TORONTO, ONTARIO--(Marketwire - Aug. 13, 2009) -

NOT FOR DISSEMINATION IN THE UNITED STATES OR TO ANY NON-CANADIAN SOURCE

Retrocom Mid-Market Real Estate Investment Trust (TSX:RMM.UN) announced today the results for the second quarter ended June 30, 2009.

Highlights

- Net Operating Income ("NOI") for the second quarter was $7.9 million, compared to $6.9 million for the same quarter in 2008. Acquisitions of the four SmartCentres properties (the "GTA properties") in July 2008 were the primary driver behind this growth. NOI for the six months was $15.5 million, increased by $2.0 million compared to the same period in 2008.

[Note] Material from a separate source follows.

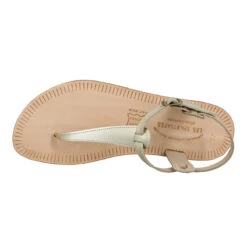 SPARTIATES PHOCEENNES Bali Cuir Femme Sedna -Magasin De Chaussures De Mode spartiates phoceennes bali cuir femme sedna 5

- Funds from Operations ("FFO") for the second quarter was $3.2 million ($0.12 per unit, adjusted for non-controlling interest), compared with $3.4 million ($0.18 per unit) for the same quarter in 2008. This result is comprised of the addition of $1.3 million NOI from the GTA properties, offset by one-time allowance of $0.3 million due to tenant bankruptcy or proposal under the Bankruptcy and Insolvency Act, $0.2 million lower operating income from discontinued operation, increased trust expenses of $0.3 million and increased interest expense of $0.7 million. The increase in interest was mainly the result of mortgages securing the GTA properties, lower interest income and one-time costs related to financing of approximately $0.2 million.

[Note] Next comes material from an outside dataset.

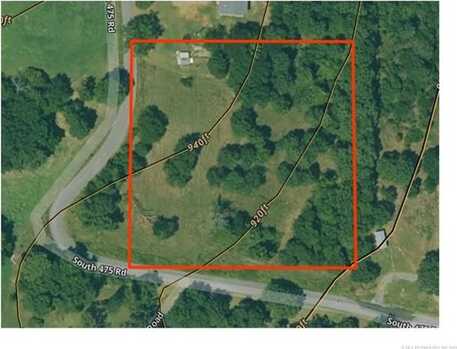 S 475 Road, Tahlequah, OK 74464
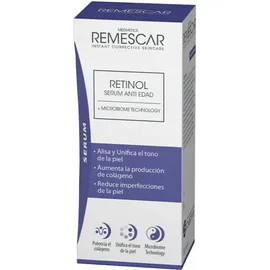 remescar Retinol Anti-Alterungs-Serum 30 ml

- FFO for the six months ended June 30, 2009 was $6.7 million ($0.24 per unit, adjusted for non-controlling interest), compared to $6.2 million ($0.34 per unit) for the same period in 2008. The $0.5 million increase in FFO is primarily comprised of $2.5 million NOI from the GTA properties, partially offset by one-time allowance of $0.5 million due to tenant bankruptcy or proposal under the Bankruptcy and Insolvency Act, $0.3 million lower operating income from discontinued operation, increased trust expense of $0.2 million and increased interest expense of $1.0 million mainly as a result of higher debt securing the GTA properties, lower interest income and one-time costs related to financing of approximately $0.2 million.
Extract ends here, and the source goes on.